Instructions for the task. The response must be the exact lines from the line holding "Interview de Lili" through the end of the entries, with no pictures and nothing else.

______

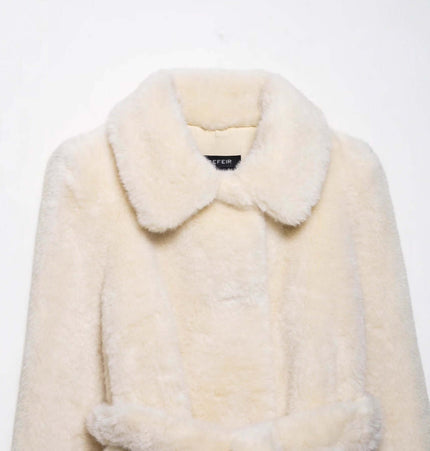 Faux Fur Waistcoat Jacket – Slim Fit in elegant white with turn-down collar and soft texture.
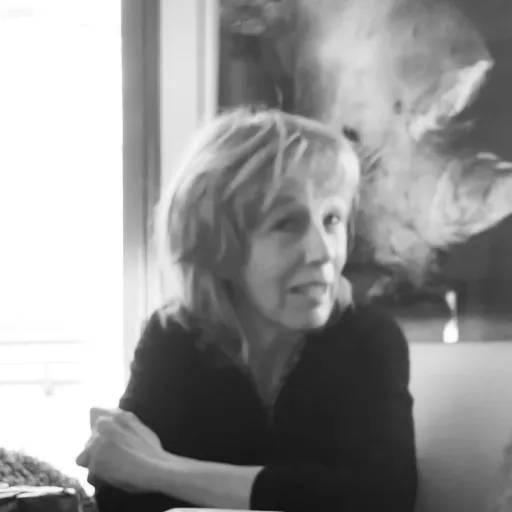 Interview de Lili Saint Laurent : La poésie sur scène pour raconter les formes précoces de la maladie de Parkinson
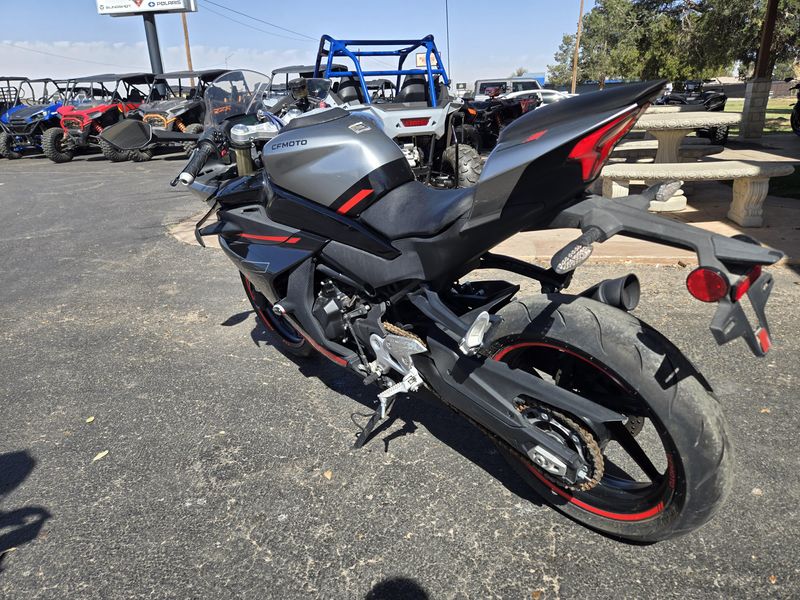 USED 2023 CFMOTO 450SS Image 6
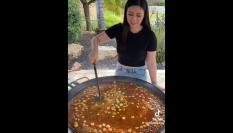 La usuaria de TikTok preparando una paella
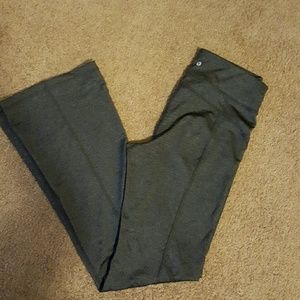 Athletic pants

______

Your solution.
 Interview de Lili Saint Laurent : La poésie sur scène pour raconter les formes précoces de la maladie de Parkinson
 USED 2023 CFMOTO 450SS Image 6
 La usuaria de TikTok preparando una paella
 Athletic pants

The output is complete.